> **What needs to be done**
Please return all lines from the records below that include the string "Floor".

(Stored records)
"""
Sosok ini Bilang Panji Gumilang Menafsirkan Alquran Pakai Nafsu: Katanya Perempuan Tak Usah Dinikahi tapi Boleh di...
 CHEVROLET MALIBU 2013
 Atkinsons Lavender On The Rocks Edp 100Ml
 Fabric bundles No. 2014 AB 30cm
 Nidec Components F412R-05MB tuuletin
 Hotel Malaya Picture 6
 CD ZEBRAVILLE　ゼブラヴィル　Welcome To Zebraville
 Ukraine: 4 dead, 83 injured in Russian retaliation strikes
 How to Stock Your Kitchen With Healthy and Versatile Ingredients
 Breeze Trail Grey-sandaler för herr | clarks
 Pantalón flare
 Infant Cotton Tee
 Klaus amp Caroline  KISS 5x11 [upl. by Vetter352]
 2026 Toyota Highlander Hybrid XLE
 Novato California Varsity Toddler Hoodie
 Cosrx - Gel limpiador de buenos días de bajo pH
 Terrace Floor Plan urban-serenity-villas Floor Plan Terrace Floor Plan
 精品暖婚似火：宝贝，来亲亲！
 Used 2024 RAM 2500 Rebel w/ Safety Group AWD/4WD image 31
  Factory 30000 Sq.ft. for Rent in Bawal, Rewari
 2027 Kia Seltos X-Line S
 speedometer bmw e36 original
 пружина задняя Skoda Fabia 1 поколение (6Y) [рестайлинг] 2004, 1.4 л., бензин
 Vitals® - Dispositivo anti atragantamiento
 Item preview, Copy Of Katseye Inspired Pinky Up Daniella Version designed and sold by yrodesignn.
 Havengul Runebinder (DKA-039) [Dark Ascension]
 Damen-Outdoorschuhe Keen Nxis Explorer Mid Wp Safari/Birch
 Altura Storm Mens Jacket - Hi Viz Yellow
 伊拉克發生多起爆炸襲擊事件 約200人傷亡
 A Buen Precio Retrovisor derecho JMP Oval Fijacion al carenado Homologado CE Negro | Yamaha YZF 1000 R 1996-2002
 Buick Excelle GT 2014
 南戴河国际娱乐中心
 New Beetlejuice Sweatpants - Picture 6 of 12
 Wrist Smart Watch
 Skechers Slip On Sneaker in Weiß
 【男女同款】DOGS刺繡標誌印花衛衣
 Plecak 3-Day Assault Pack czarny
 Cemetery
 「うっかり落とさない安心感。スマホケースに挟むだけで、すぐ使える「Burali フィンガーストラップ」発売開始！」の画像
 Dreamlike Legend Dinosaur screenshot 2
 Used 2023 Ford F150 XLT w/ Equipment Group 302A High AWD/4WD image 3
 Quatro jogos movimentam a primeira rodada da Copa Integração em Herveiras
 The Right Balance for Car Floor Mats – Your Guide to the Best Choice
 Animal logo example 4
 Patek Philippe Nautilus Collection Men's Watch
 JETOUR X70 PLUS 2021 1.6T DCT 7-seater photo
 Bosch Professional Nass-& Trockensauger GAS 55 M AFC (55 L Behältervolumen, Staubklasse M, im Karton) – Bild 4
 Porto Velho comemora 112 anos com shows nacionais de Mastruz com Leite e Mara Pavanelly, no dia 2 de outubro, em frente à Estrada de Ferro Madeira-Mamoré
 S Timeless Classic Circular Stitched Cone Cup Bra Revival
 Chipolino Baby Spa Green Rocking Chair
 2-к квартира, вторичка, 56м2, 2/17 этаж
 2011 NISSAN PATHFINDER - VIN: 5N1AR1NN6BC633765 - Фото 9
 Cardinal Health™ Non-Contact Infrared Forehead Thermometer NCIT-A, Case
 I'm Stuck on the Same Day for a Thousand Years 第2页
"""
> **Problem solution**
 Terrace Floor Plan urban-serenity-villas Floor Plan Terrace Floor Plan
 The Right Balance for Car Floor Mats – Your Guide to the Best Choice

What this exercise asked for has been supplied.